WHAT NEEDS TO BE DONE.
Without changing a word, return the listing below, minus its images.

GIVEN DATA.
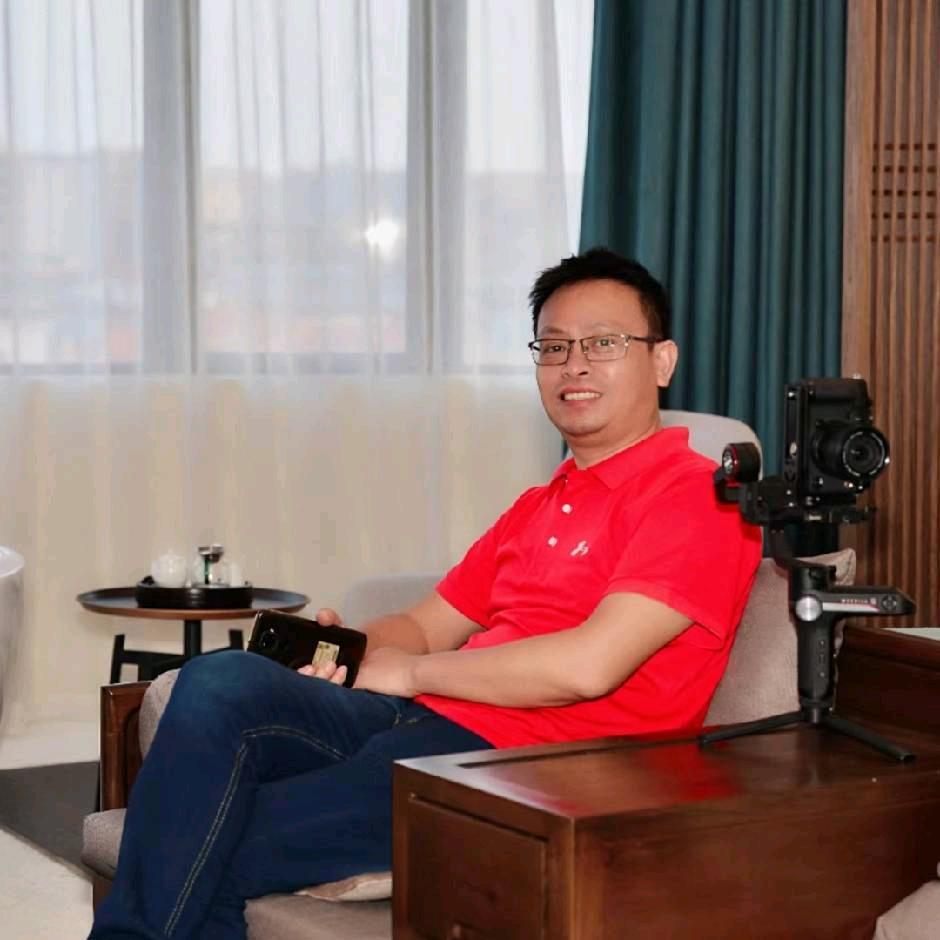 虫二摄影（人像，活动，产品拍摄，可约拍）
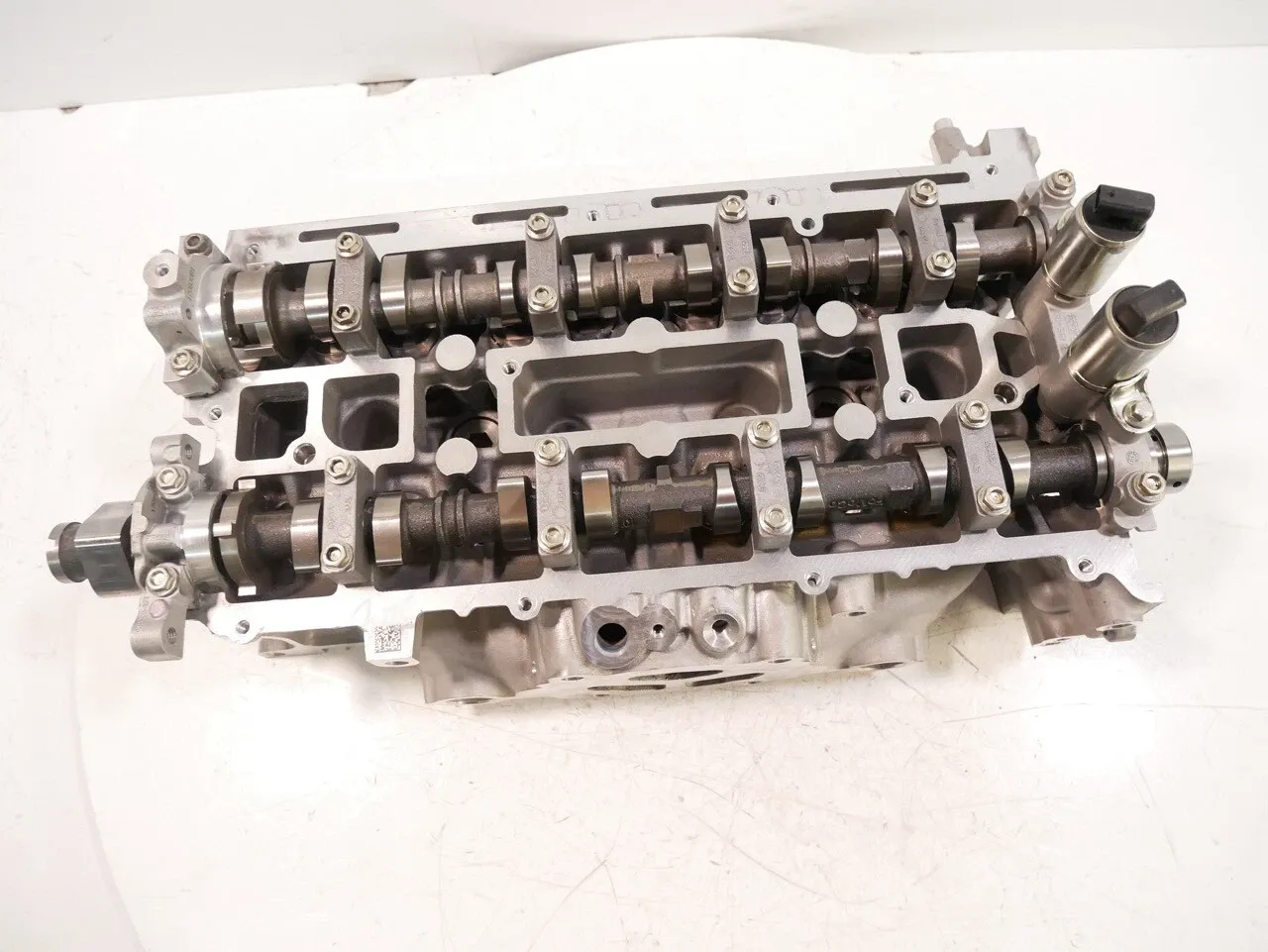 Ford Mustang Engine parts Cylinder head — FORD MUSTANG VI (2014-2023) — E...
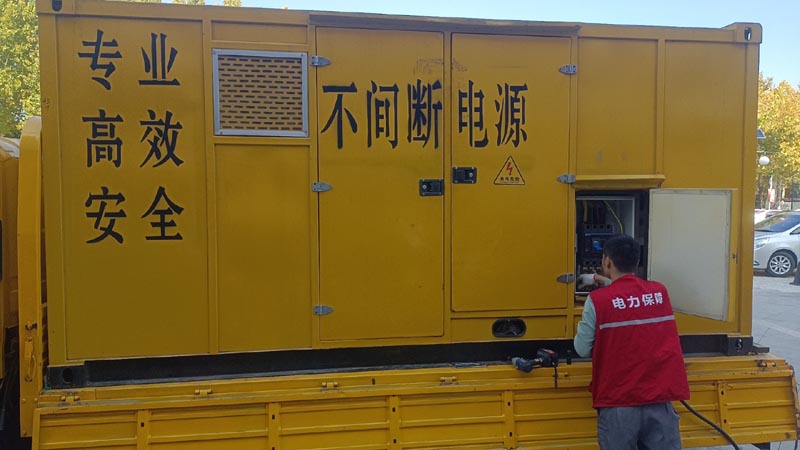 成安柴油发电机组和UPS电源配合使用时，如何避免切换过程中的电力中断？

TASK OUTPUT.
 虫二摄影（人像，活动，产品拍摄，可约拍）
 Ford Mustang Engine parts Cylinder head — FORD MUSTANG VI (2014-2023) — E...
 成安柴油发电机组和UPS电源配合使用时，如何避免切换过程中的电力中断？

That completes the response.